Epps emphasized that the rule is significant because he uses it to keep out organizations such as the Boston Church of Christ that violate student autonomy.

But students say the technicality of the handbook is simply a cover for Harvard's larger concern of controlling public service.

"I think this is bull; that this stops with Dean Epps or Dean [of the College Harry R.] Lewis ['68]," King says. "My sense is that something with this high stakes, there's got to be involvement at higher levels."

"Dean [of the Faculty Jeremy R.] Knowles has tried to say he is not involved, [but decisions are] not being made without input from the president's office because they are going to be called with the fallout," King adds.

The new board met for the first time last Friday.
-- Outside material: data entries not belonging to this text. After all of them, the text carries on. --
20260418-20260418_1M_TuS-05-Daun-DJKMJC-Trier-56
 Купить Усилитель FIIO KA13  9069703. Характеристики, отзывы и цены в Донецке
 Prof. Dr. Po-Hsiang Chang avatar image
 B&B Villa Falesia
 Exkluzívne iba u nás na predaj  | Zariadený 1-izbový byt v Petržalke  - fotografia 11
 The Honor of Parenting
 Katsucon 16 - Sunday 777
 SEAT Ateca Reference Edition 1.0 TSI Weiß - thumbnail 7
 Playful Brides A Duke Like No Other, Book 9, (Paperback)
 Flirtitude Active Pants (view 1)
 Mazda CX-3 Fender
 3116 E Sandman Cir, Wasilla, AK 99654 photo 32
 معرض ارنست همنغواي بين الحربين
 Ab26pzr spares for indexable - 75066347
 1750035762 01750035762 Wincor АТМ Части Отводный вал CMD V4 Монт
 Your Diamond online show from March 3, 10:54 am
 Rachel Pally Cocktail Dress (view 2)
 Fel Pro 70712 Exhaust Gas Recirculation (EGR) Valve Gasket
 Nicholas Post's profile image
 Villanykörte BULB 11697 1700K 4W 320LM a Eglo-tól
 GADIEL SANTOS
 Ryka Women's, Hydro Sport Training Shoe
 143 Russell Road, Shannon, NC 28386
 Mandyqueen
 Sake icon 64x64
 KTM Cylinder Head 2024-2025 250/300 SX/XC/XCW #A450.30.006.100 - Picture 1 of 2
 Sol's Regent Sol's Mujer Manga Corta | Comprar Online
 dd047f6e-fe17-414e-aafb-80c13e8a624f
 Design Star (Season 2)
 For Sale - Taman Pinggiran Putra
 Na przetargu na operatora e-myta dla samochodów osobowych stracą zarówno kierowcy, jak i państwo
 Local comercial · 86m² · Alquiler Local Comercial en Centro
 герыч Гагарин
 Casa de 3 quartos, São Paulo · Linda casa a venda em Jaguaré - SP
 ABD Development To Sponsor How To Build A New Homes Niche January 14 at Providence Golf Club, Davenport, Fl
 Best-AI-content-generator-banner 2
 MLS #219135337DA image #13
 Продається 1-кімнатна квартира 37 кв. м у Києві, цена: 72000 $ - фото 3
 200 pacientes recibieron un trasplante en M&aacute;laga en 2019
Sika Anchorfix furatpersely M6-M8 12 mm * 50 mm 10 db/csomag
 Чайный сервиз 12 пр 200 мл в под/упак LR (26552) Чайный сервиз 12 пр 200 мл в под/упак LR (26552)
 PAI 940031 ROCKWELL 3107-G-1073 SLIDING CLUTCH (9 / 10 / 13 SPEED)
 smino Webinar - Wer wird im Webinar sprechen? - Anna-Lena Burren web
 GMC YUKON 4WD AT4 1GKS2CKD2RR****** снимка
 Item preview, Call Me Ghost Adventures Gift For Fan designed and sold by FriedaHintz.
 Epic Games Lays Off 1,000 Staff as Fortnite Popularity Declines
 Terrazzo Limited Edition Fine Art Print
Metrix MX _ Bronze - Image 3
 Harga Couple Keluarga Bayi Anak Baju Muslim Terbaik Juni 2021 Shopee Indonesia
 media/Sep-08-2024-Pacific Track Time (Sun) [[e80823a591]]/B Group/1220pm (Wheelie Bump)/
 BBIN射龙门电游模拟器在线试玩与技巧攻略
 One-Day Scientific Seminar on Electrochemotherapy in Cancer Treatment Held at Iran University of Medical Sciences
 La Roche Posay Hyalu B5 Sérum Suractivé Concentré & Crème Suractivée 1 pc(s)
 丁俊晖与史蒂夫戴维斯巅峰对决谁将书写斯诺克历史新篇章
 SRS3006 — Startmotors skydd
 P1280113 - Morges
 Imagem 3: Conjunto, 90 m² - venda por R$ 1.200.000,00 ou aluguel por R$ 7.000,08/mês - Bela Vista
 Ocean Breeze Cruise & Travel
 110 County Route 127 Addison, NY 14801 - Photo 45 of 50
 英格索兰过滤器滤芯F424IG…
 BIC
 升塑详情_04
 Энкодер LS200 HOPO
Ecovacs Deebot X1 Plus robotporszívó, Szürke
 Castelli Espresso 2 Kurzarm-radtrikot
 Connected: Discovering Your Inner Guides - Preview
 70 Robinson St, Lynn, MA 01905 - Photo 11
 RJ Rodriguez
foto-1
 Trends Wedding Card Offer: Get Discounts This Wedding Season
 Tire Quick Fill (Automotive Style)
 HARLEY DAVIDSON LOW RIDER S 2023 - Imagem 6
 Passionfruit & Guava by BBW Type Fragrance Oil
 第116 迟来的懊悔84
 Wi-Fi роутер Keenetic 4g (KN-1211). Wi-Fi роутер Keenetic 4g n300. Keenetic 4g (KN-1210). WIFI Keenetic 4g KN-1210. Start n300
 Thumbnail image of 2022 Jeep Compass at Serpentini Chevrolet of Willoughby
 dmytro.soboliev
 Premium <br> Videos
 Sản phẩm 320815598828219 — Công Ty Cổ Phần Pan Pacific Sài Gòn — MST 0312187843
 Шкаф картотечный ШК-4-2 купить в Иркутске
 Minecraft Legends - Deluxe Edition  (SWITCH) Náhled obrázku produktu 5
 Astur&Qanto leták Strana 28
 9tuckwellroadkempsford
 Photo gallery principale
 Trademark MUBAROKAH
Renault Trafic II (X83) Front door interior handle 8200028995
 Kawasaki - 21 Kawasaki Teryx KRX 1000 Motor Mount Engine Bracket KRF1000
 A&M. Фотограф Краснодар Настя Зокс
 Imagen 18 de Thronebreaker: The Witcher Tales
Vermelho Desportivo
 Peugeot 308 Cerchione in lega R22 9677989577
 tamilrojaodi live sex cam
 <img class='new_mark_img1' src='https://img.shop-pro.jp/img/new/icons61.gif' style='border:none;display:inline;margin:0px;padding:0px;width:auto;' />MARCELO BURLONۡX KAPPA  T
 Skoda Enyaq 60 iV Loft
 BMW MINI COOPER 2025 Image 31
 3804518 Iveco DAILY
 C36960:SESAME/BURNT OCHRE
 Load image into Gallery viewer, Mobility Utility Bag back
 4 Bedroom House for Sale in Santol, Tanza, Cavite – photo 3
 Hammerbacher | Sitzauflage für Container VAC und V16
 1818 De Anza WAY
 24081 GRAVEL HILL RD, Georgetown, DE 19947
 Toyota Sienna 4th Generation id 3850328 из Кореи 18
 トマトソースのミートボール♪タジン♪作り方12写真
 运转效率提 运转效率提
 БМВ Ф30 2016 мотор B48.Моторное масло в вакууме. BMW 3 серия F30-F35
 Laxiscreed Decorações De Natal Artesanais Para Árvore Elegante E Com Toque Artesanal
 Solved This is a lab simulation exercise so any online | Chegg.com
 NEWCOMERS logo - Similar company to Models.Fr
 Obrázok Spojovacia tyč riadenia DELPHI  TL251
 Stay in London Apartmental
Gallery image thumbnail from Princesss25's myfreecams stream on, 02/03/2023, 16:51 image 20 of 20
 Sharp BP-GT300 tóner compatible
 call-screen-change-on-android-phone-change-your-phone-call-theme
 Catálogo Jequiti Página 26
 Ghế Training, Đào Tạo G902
It includes eight students, eight members representing faculty and alumni, Judith H. Kidd, the new assistant dean for public service, and a representative of the president's office.

Epps acknowledges that Harvard Student Agencies (HSA) has been granted an exception to the rule which requires students to be the only voting members of a governing board.

According to HSA President Matt Heid '97, HSA has seven students and 14 nonstudents who are voting members of its board.

Furthermore, in the case of HSA, this board has full power over the organization and picks its student president.

PBHA officials say that the HSA board has far more control than its board will ever possess. All of the members of the PBHA board will be selected by students and will also be subject to impeachment by students (with the exception of the appointed administrators).